Senin, 30 Juni 2014

CERPEN: Sebuah Janji Yang Kembali

Di dalam hidup, memang tidak aneh jika setiap orang akan berubah. Termasuk istriku. Dia baru saja mencintaiku kembali. Mencintaiku kembali? Bagaimana bisa? Itu adalah pertanyaan yang selalu dilontarkan orang-orang ketika mendengar kisahku.

Siang itu aku di kampus negeri, untuk mengikuti tes seleksi masuk perguruan tinggi. Hujan yang rintik-rintik sudah membasahi trotoar. Aku cepat-cepat masuk ke fakultas teknik sipil, karena tes ku di situ dan waktu menunjukan pukul sepuluh, waktu ujian sudah hampir dimulai.

“Tok tok tok..” aku mengetuk ruangan tes ku. Aku membuka pintu dan cepat-cepat mencari nomer tes ku yang sudah tertempel di meja. Akhirnya ketemu, aku duduk tepat di meja paling belakang. Aku menaruh tas ku di depan, dan mengambil perlengkapan ujian. Ketika balik ke meja ku, aku baru sadar aku tidak duduk sendiri, di sebelahku ada cewek dengan kemeja pink.
“Permisi..” sapaku.

Dia menyambutku dengan diam, hanya senyum ramah yang dia berikan kepadaku. Ternyata ujian masih di mulai sepuluh menit lagi, selesai aku mengisi identitasku, aku tidak mau hal ini terlewat tanpa aku mengenal satu orang pun. Aku memberanikan untuk membuka percakapan duluan.

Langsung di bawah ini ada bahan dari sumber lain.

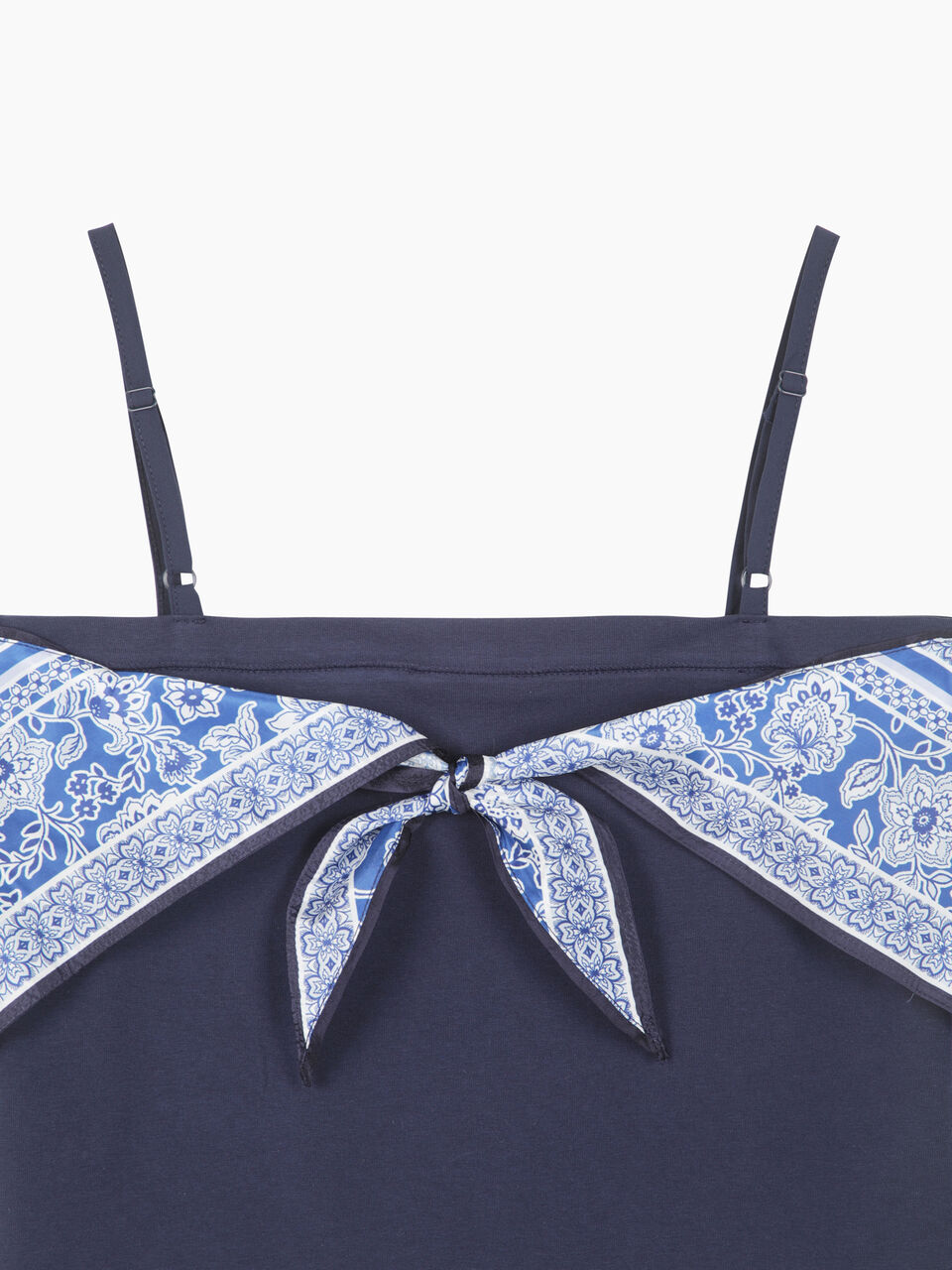 TOP Γυναικεία image number null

“Ambil universitas apa, kak?” tanyaku.

“Unair.” Jawabnya dengan suara yang lembut.

“Oooh.. sama. Jurusan?”

“Sastra Inggris. Kamu?”


“Loh loh? Kok sama? Aku juga sastra Inggris. Kamu dari sekolah mana, kak?”
“Sekolah swasta, aku malu kalau nyebutin. Hihi..”

Singkat cerita kami selesai tes dan pulang, aku keluar kelas duluan setelah mengucapkan terimakasih ke Cewek sebangkuku, karena sudah membantuku untuk menjawab sosiologi. Aku menunggu dijemput Ayah, aku telepon Ayah ternyata jalanan macet. Kemungkinan sampai sini agak lama. Aku hanya bisa menunggu di depan fakultas teknik sipil.

Aku mulai bosan, aku tengok ke kanan, ada tukang kebersihan, aku lihat ke depan, ada cewek dengan headset hitam duduk di halte bis... aku perhatikan lagi, itu ternyata cewek sebangku yang tes denganku tadi. Aku keluar kampus dan menyebrang jalan untuk menyapanya agar bisa lebih akrab. Tidak lupa aku beli softdrink kaleng di warung.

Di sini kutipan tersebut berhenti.